Built entirely around songs made famous by Piaf, as well as new songs written by the cast and director, Andrew Morton, the show provides a rare chance to enjoy the wonderfully evocative sound of the accordion, and played by such a virtuoso. Viazzani has an impressive pedigree, and in his hands the instrument becomes a third cast member – sighing its disappointment at thwarted romance; threatening menance with sinister discordance. Jameson’s voice has an authenticity that perfectly complements the emotive qualities of the music. Indeed, written by Jameson and Viazzani, this feels like a very personal show.

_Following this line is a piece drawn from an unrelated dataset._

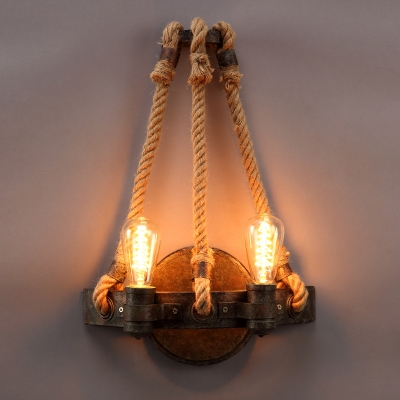 Shipyard Bronze 2 Light Double Rope LED Wall Sconce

The intimate staging recreates the atmosphere of a tiny cafe bar or rehearsal room, the performers so close you can see every emotion as it passes across their faces. At times this felt a little limiting – where’s the glamour! – but I came to realize that this was the point: to see the artists struggling with their demons, fighting their insecurities, is to witness the creative process in action.”

by Devon Life

In a tale of music, passion and despair, Piaf tribute singer Jacqueline Lacroix returns to the stage after a period of enforced silence, alongside a new accordionist with whom she shares a romantic past. Like Piaf, Lacroix possesses a self-destructive streak which continues to stand between her and her career. Every song she sings tells a story which relates to her life and relationship with the accordionist. Ultimately, the two decide to perform fewer Piaf songs and more of their own. With Jameson’s powerful voice, Viazzani’s mesmerizing accordion playing and the profound messages conveyed in their songs, this performance will no doubt captivate any audience and leave them wanting more.